Next up after the keynote was the AMA's Bette-Jane Crigger, PhD, who walked us through 10 myths about the recently passed CEJA Report 1-A-11.
Call me crazy, but a lot of it seemed to be that famous word-parsing thing that CME professionals tend to do, where meaning gets read into something that perhaps doesn't deserve it, and where it gets glossed over in areas where perhaps it deserves more attention. Or is just too vague to really draw meaningful conclusions, a not uncommon thing in this field, it seems.
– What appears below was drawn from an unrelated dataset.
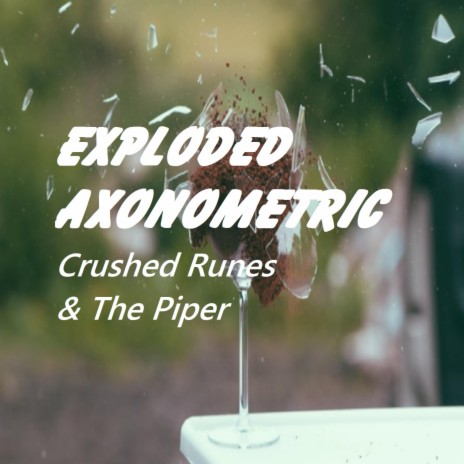 Exploded Axonometric (feat. Mortimer's Piper) | Boomplay Music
Example: Myth 1 was that thereport prohibits industry support of CME. No, she explained, it doesn't prohibit it; "The goal is to gain independence from industry support." Not prohibited, but try to avoid it if at all possible.
Or take Myth 6, that it just duplicates the's Standards for Commercial Support. Yes, there are some similarities, she said, but it also offers complementary guidance, since it's aimed toward physicians, where ACCME's SCS are for CME providers.
It was interesting, but she really didn't do any myth-busting. Instead it was more of a comparison of complaints received against the goals the report tried to achieve.
One of the most interesting questions went unanswered: How will this new report affect the criteria for PRA Category 1 credit? That's still to be determined, she said. Likewise, while it only addresses accredited CME, "the principles should be thought to be equally germane" to other activities (such as those for maintenance of licensure and maintenance of certification) as well.